None of which matters in a febrile Lebanon after Hariri's murder. Regardless of whoever ordered the killing, ordinary Lebanese believe it was Syria.
George Haddad, an official with a banned opposition group, the Free Patriotic Movement, says the killing has unified a previously fractious opposition to Syria's dominance in Lebanon's affairs. He argues that this dominance has always been protected through violence and that Syrian intelligence services would fail to see the downside to killing such a popular figure.
Haddad says the killing has allowed the opposition parties - Christian, Druze and Sunni -to set aside their differences and plan 'to surround the government in Beirut with people until the current government resigns and the Syrians end their role in Lebanese affairs'.

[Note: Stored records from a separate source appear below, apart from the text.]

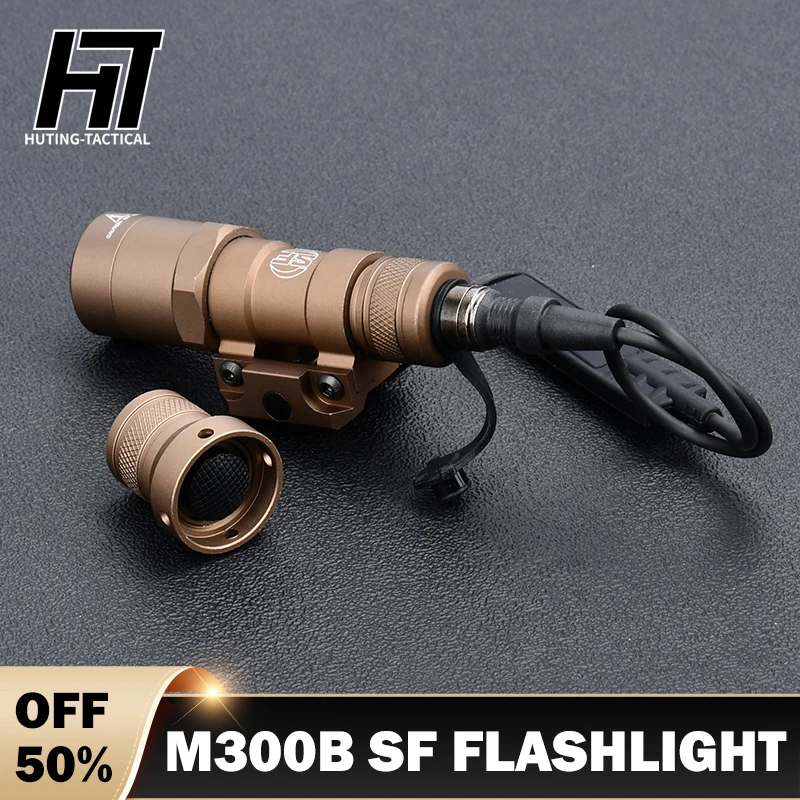 

M300B M300 Tacitcal SF Flashlight Mini Weapon Scout Hunting LED Light Fit 20MM Picatinny Rail Momentary-on Constant-on Tail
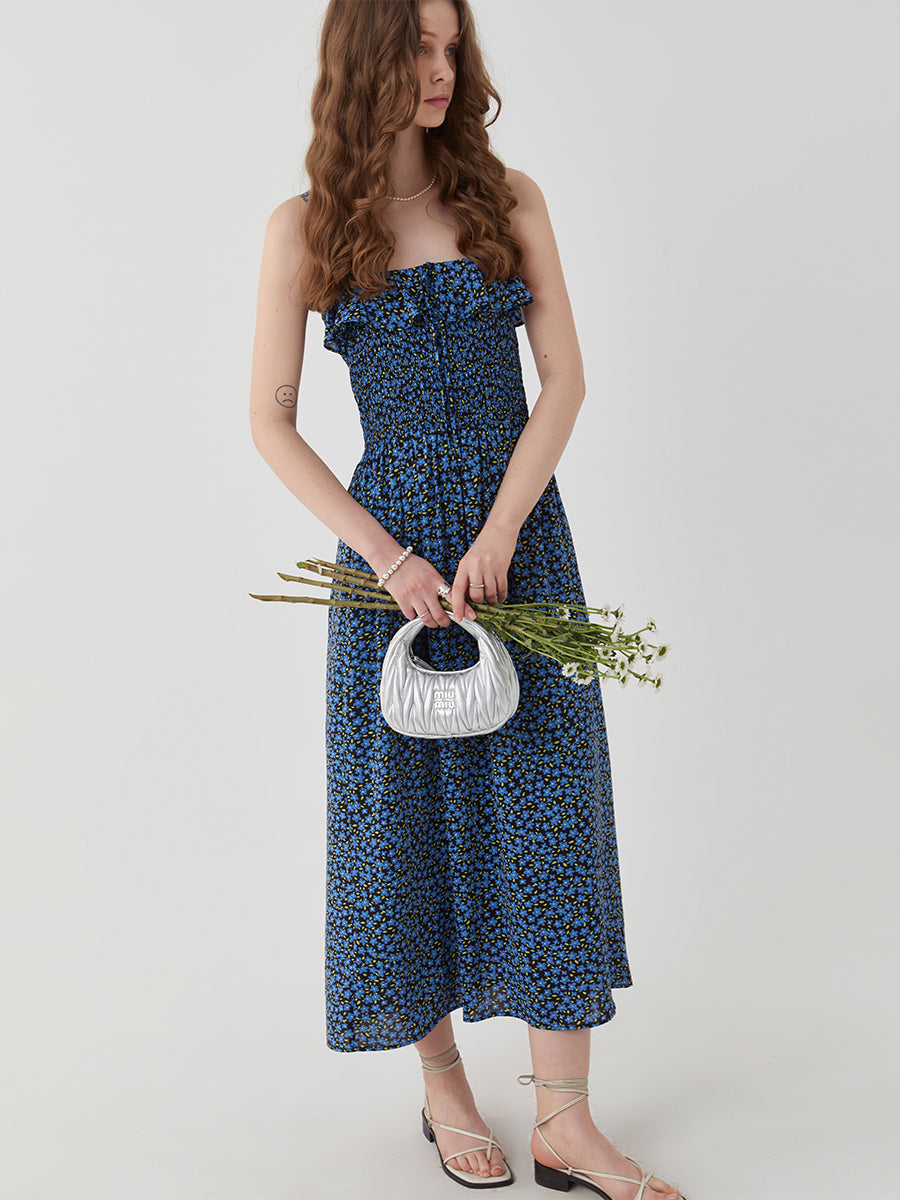 Summer Floral Print High-Waist Maxi Dress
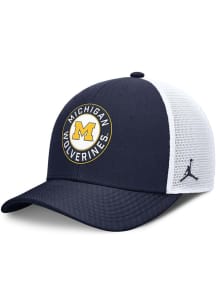 Nike Blue Michigan Wolverines JORDAN BRAND DRI FIT RISE PRIMETIME STRUCTURED TRUCKER CAP Adjustabl..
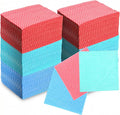 300 Pcs Disposable Dish Cloths, Reusable Cleaning Cloths and Towels, Highly Absorbent Wipes and Rags for Kitchen, Home, Office (Red, Blue, Green)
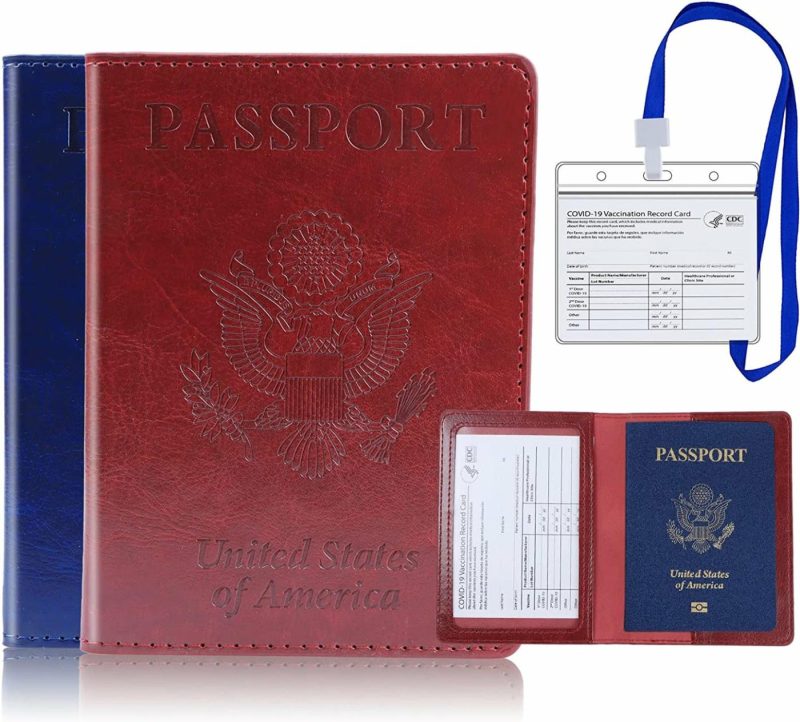 Luggage |  2 Pack Leather Passport And Vaccine Card Holder Combo Luggage Black & Dark blue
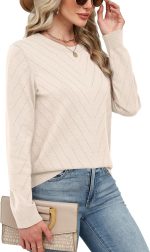 Sampeel Womens Sweaters Crew Neck Long Sleeve Tops Knit Soft Pullover Sweaters Cozy Dressy Casual Shirts Fashion Clothing - Image 5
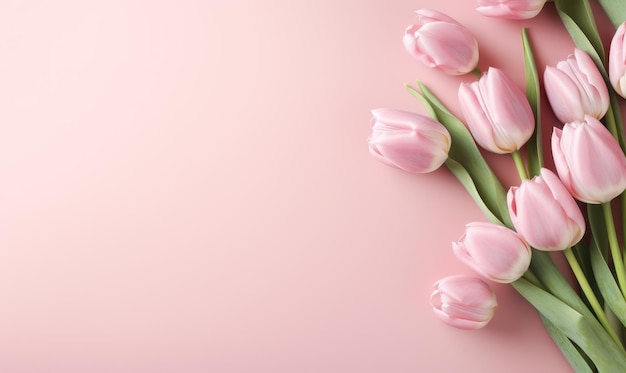 Banner met een frame van rozenbloemen en groene bladeren op een roze achtergrond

Without donning a tinfoil hate, there are still others suggesting a more nefarious twist to the whole issue, link
I can't think of another example of a case where the party so generally accused of the crime was more harmed by the results of the crime. Are we supposed to believe that the Syrians are insane and/or stupid? Do they want to invite an American-Israeli attack? Do they want to provide the biggest excuse possible to force them to leave Lebanon? As Mike Whitney puts it:
"The likelihood that Syria was involved in the assassination is zilch. One can hardly imagine a greater disaster for poor Syria who has been scrambling to avoid the American bludgeon for the last four years. Few people realize that Syria provided more assistance in the first year of the war on terror after 9-11 than any other nation."
The question then becomes, is this all the ground work being laid for a Syrian attack. Was his assassination merely serendipitous or part of a calculated coordinated plot with a third party? Syria is clearly the weaker of the two targets and maybe the first in the line of fire, meanwhile Iran can be "softened" by continued covert ops and bombing (when the administration deems this necessary).